**EXERCISE REQUIREMENTS**
Your answer must hold only the lines below from the line containing "Todos los domingos" through the line containing "Sisu 12E480 6x6", each reproduced exactly.

**LISTED ENTRIES**
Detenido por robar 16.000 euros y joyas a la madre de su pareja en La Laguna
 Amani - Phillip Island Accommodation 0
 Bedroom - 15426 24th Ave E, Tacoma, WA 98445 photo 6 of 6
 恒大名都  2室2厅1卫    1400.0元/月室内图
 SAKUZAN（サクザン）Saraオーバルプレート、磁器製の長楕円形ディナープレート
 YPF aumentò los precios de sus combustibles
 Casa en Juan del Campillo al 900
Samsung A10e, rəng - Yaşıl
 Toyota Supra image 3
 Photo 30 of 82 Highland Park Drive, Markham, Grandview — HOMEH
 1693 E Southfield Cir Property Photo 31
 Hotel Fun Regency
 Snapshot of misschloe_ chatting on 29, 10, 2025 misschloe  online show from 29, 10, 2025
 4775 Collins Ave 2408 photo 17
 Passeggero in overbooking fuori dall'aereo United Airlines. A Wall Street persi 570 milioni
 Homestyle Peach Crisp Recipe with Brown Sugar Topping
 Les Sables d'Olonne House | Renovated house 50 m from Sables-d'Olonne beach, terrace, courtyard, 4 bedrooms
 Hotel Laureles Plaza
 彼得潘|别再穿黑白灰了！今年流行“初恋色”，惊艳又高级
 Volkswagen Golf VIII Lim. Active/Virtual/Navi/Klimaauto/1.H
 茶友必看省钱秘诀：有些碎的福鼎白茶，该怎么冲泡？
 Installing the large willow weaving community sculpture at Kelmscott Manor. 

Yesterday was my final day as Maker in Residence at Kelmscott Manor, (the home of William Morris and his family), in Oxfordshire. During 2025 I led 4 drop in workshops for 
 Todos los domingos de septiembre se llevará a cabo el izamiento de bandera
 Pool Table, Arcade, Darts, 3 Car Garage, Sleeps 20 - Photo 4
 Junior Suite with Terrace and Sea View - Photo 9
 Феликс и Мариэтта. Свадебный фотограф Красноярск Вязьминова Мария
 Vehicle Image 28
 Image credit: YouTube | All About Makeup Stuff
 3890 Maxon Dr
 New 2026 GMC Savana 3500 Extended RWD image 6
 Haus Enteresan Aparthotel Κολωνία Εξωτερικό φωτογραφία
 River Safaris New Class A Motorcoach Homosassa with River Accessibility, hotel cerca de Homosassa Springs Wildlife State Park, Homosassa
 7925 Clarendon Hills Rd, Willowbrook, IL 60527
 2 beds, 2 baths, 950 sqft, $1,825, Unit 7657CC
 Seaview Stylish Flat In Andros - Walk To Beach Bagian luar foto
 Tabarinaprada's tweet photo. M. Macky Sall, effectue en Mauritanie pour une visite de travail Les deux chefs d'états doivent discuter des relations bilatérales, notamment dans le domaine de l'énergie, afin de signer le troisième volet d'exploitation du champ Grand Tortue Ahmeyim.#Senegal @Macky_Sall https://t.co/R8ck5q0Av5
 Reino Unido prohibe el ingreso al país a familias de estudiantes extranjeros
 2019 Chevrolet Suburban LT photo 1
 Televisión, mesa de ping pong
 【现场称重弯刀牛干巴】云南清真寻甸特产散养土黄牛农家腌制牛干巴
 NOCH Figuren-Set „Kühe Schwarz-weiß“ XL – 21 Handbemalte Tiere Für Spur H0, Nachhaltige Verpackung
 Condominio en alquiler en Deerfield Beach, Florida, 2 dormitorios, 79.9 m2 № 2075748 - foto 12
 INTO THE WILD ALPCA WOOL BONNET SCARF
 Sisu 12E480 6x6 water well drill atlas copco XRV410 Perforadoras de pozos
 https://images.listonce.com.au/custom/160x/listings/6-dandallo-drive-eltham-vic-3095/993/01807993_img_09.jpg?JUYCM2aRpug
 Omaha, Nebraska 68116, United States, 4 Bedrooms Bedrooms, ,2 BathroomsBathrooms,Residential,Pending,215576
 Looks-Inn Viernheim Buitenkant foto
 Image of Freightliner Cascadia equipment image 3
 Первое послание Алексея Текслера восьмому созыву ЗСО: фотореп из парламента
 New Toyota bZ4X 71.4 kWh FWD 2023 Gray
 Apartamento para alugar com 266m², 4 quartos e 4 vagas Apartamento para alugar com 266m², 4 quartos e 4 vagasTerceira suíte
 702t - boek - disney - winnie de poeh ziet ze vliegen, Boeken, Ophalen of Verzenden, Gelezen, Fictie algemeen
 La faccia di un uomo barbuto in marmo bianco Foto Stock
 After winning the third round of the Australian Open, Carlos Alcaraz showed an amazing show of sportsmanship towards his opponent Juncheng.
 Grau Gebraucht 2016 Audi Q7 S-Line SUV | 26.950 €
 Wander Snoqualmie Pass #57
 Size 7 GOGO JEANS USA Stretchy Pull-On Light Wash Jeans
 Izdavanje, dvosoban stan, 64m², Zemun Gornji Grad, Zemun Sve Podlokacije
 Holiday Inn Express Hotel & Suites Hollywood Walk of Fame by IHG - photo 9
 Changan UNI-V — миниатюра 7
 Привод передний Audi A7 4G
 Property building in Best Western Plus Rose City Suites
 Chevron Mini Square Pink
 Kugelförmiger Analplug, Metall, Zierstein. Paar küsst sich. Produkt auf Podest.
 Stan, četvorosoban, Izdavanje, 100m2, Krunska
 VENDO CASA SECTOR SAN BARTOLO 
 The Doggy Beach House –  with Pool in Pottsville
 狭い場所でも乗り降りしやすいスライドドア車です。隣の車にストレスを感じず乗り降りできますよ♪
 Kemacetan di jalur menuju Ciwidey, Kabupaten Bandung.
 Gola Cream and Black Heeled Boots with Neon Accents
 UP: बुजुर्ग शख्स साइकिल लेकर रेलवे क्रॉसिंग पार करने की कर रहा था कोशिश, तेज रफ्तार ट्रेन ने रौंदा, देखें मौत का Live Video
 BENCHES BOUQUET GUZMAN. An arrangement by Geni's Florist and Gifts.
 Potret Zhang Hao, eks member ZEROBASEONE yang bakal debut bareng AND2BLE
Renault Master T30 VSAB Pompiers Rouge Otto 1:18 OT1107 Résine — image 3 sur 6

**RESPONSE TO THE EXERCISE**
 Todos los domingos de septiembre se llevará a cabo el izamiento de bandera
 Pool Table, Arcade, Darts, 3 Car Garage, Sleeps 20 - Photo 4
 Junior Suite with Terrace and Sea View - Photo 9
 Феликс и Мариэтта. Свадебный фотограф Красноярск Вязьминова Мария
 Vehicle Image 28
 Image credit: YouTube | All About Makeup Stuff
 3890 Maxon Dr
 New 2026 GMC Savana 3500 Extended RWD image 6
 Haus Enteresan Aparthotel Κολωνία Εξωτερικό φωτογραφία
 River Safaris New Class A Motorcoach Homosassa with River Accessibility, hotel cerca de Homosassa Springs Wildlife State Park, Homosassa
 7925 Clarendon Hills Rd, Willowbrook, IL 60527
 2 beds, 2 baths, 950 sqft, $1,825, Unit 7657CC
 Seaview Stylish Flat In Andros - Walk To Beach Bagian luar foto
 Tabarinaprada's tweet photo. M. Macky Sall, effectue en Mauritanie pour une visite de travail Les deux chefs d'états doivent discuter des relations bilatérales, notamment dans le domaine de l'énergie, afin de signer le troisième volet d'exploitation du champ Grand Tortue Ahmeyim.#Senegal @Macky_Sall https://t.co/R8ck5q0Av5
 Reino Unido prohibe el ingreso al país a familias de estudiantes extranjeros
 2019 Chevrolet Suburban LT photo 1
 Televisión, mesa de ping pong
 【现场称重弯刀牛干巴】云南清真寻甸特产散养土黄牛农家腌制牛干巴
 NOCH Figuren-Set „Kühe Schwarz-weiß“ XL – 21 Handbemalte Tiere Für Spur H0, Nachhaltige Verpackung
 Condominio en alquiler en Deerfield Beach, Florida, 2 dormitorios, 79.9 m2 № 2075748 - foto 12
 INTO THE WILD ALPCA WOOL BONNET SCARF
 Sisu 12E480 6x6 water well drill atlas copco XRV410 Perforadoras de pozos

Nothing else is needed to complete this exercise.